Por um lado, a rotatividade pode representar um movimento positivo de renovação, na medida em que novos membros e ideias facilitam o processo de inovação institucional. Por outro lado, causa prejuízos tanto para a organização quanto para os trabalhadores, como, p. ex.: custos com nova contratação, treinamento, perda da continuidade do trabalho, da coesão das equipes e da satisfação no trabalho (Marais-Opperman et al., 2021) e descontinuidade do processo ensino-aprendizagem dos alunos (Redding & Henry, 2018).
Nesse sentido, é importante o conhecimento e monitoramento da Intenção de Abandono (IA), considerando ser essa um importante preditor do comportamento de desligamento efetivo do trabalhador da organização (Chang, 1999; Fullard, 2023). A saída definitiva de uma organização é um dos desfechos de um processo que se inicia com a intenção de abandono. Essa diz respeito à probabilidade estimada de o trabalhador deixar a organização em algum momento bastante próximo (Mowday et al., 1982). De acordo com Mobley (1977), a IA é um fenômeno psicológico cognitivo e afetivo que tem como balizadores a avaliação/satisfação do trabalho, as alternativas do mercado laboral e os custos/benefícios da decisão de saída da profissão ou local de trabalho.
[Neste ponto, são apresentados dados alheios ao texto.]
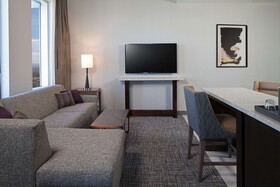 H Hotel Los Angeles Curio Collection by Hilton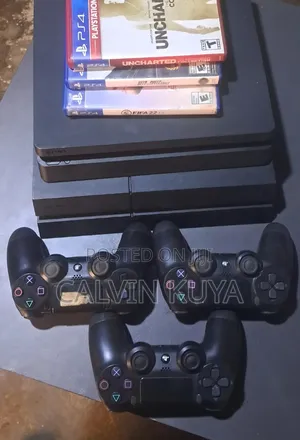 Sony Ps4 Slim and Standard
A saída definitiva da profissão é um processo emocional doloroso e emocional que pode levar anos antes da tomada de decisão definitiva (Amitai & Houttea, 2022).
Trata-se, portanto, de um processo que pode ser compreendido mediante a Teoria da Ação Planejada (Ajzen, 1991). Segundo essa, as pessoas agem de acordo com as suas intenções, utilizando as informações disponíveis e avaliando as implicações de seus comportamentos e seu potencial de controle da situação, antes de tomarem uma decisão para sua ação. Nesse sentido, a rotatividade corresponde a um fenômeno objetivo e quantificável; enquanto a intenção de abandono, mesmo quando está presente, não é de fácil identificação, por sua característica subjetiva. Por esse motivo, Chang (1999) destaca a importância de investigar a IA separadamente da rotatividade.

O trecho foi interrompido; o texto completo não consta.